[CHAPTER VII.]

AN AMAZING CONFESSION.

Within a month of the events recorded in the preceding chapter, Mrs. Jenwyn and her charge had left Combe Fenton. Anna had conceived a violent dislike to the place, and was restless till she got away from it. After her receipt of Guy Ormsby's letter, which Mrs. Jenwyn had arranged to have mailed from London, she never set foot on the sands of Carthew Bay. It is almost needless to state that the girl Fanny was left behind. She had heard of John Clisby's visit to Rosemount, and she needed no one to tell her why Mrs. Jenwyn had chosen to dispense with her services.

A few days before Anna's departure she received the news of her half brother's marriage. The ceremony had been solemnized at the British embassy at Naples, the bride being a Miss Madeline Fenwicke, whose name Anna seemed to remember as that of a visitor at Denham Lodge some three years previously.

In the course of the next four years, at the end of which period we take up their history afresh, Mrs. Jenwyn and her charge found a temporary home in three or four widely different places.

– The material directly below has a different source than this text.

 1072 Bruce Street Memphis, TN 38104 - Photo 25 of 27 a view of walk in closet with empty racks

Anna's coming of age, and with it her command of the fortune left her by her father, had made no difference in her simple and inexpensive mode of life. She had had more than enough before for all her needs, and except that she now set aside a considerably larger sum for charitable purposes, the major portion of her income was never drawn upon, but allowed to accumulate untouched in her banker's coffers.

Anna and her brother had met but once since the latter's marriage, and then he brought with him the news of the birth of a daughter.

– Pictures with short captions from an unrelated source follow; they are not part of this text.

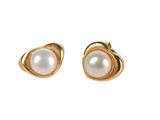 a pair of pearl earrings on a white background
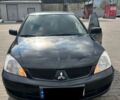 Чорний Міцубісі Lancer, об'ємом двигуна 1.6 л та пробігом 179 тис. км за 3800 $, фото 1 на Automoto.ua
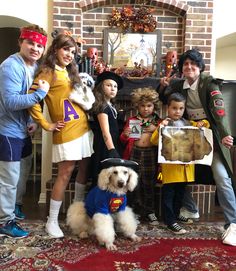 a family dressed up in costumes posing for a photo with their dog and two children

It was during the time of Anna's sojourn at Dieppe that Drelincourt, when on his way back from London, whither some law business had taken him, made a detour on purpose to see his sister and spend a week with her. He had exiled himself from England, preferring to live abroad, chiefly in Italy, the climate of which seemed to suit both him and his wife, but now and then wintering in Egypt or elsewhere.

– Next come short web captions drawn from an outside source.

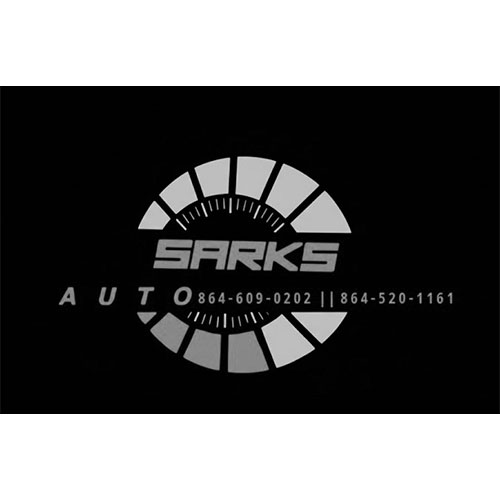 Logo with "Sarks Auto" and two phone numbers, accented by a circular, segmented speedometer graphic.
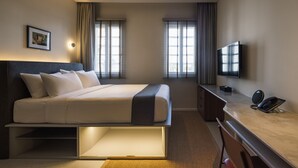 Een moderne hotelkamer met een bed, bureau, televisie en een schilderij aan de muur.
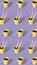 Vertical pattern made of coffee cups with female doll hands and legs on lavender background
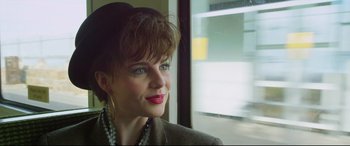 Movie still from “Sing Street” (2016), directed by John Carney – A person wearing a jacket; Close Up shot, Over the shoulder angle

But although he and Anna saw so little of each other, he wrote to her regularly once a month, and his letters, chatty, vivacious, and stuffed with news and gossip of one kind or another, made one of the chief pleasures of her quiet existence.

They were the sole link between her and that great, restless, seething world outside her about which she knew so little, and from any closer contact with which she was kept by her constitutional timidity and that distaste for mixing in general society which she found it quite impossible to overcome.